The essay looks at the depression James went through after the New York edition of his collected works was met with a “total failure to sell and its apparently terminal failure to evoke any recognition from any readership”. Sedgwick compares the devastating melancholia James went through to the very earliest shame-responses seen in infants sometime between the third and seventh month of life — that’s the age when babies start responding with recognisable shame-postures and expressions to stimuli.
And what stimuli causes that reaction? It happens when the baby smiles at a caregiver, and the caregiver fails to return that smile.
It sounds like such a simple comparison, but it’s pretty revelatory to me. It explains so much about the tangled emotional mess of my relationship to my writing, and it does it so clearly and cleanly that it’s a little bit mind-blowing. Writing novels, submitting stories to anthologies, posting fanfic on lj — they’re all different manifestations of the same basic thing: I’m offering a smile at the reader, hoping for a smile in return. And when the smile doesn’t come, bam! I’m just like the babies. Shame response a-go-go.
I don’t know what this new self-knowledge will mean in terms of my relationships with future writings and readers, but it’ll be interesting to find out.

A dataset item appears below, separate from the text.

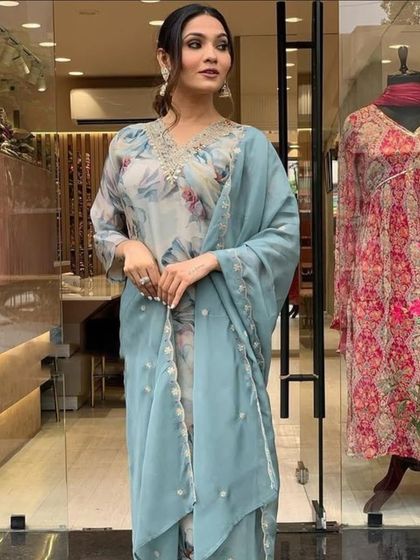 A grey premium organza kurta with a soft floral print. The delicate thread embroidery on the neckline adds a touch of elegance.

The other thing I wanted to quote from Sedgwick’s essay is about the introductions James put on the stories in the New York edition, because it is exactly, perfectly, how I feel about Ophelia’s Salvation, and about writing the foreword to the 10th anniversary edition of that book:
The speaking self of the preface does not attempt to merge with the potentially shaming or shamed figurations of its younger self, younger fictions, younger heroes; its attempt is to love them. That love is shown to occur both in spite of shame and, more remarkably, through it.